Last week Ben Packham wrote in The Australian that ‘China scored a victory in its campaign to prioritize its national interests over human rights, securing support for a UN resolution that would make individual rights a matter for “mutually beneficial co-operation.” [i]
In other words, individual rights are solely contingent on an individual’s total subservience to and acquiescence with the Marxist/Maoist state. The individual must bow to the deified state in toto – mind, body, soul and strength.
This is the Chinese Communist Party’s theocratic claim of possession over individuals, which is, outside good governance genuinely lived out under God, something neither government nor ideology has the right to make.
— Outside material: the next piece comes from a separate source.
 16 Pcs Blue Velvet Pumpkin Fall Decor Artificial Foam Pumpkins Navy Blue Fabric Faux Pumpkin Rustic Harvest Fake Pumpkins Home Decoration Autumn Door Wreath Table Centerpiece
Within this framework the state is God. Rights are not inherently God-given, they’re a reward, which can be cancelled at any time should the state so decree.
China’s resolution win allows for less accountability in how it implements inhumane programs to carry out its Marxist theocratic claim.
Australia voted against the resolution, ‘arguing that it undermined “long-established principles with regards to the promotion and protection of human rights.’
Packham cited Elaine Pearson from Human Rights Watch, who said that the resolution ‘limits engagement on a country’s human rights record, as it prioritizes sovereignty over accountability, treats fundamental human rights as being subject to negotiation and compromise, and foresees no meaningful role for civil society.’[ii]
An equally important side note is that the resolution appears to have been won by China leveraging its 138 nation, global financial imperial alliance, created through its Belt and Road initiative (BRI).
Nations who voted in favor of the resolution included ‘African, and a range of developing nations, including The Philippines, Indonesia and Venezuela.’ [iii] Most of whom, according to data from Green-Bri.org are part of China’s BRI.
If pressure was applied by the CCP in order to win the UN vote, than the BRI isn’t just a debt trap. It’s part of a greater diabolical maneuver to undermine sovereign states, and bolster Chinese Communist influence through the creation of debt slaves.
The latter are unsuspecting nations who’ve sold themselves into quasi-indentured servitude to the Chinese Communist Party, routinely called upon to do the CCP’s bidding.
The BRI gives the CCP power to use these debt slaves to secure key votes, thereby swaying important international agreements, not in favor of their nation or the Chinese people, but in favor of the Communist regime.
It should also be noted that China was, until January this year, a sitting member of the U.N. Human Rights council, and that there are BRI [indentured] nations currently members of U.N. Council. China also has a place on the U.N. panel that chooses U.N. human rights investigators.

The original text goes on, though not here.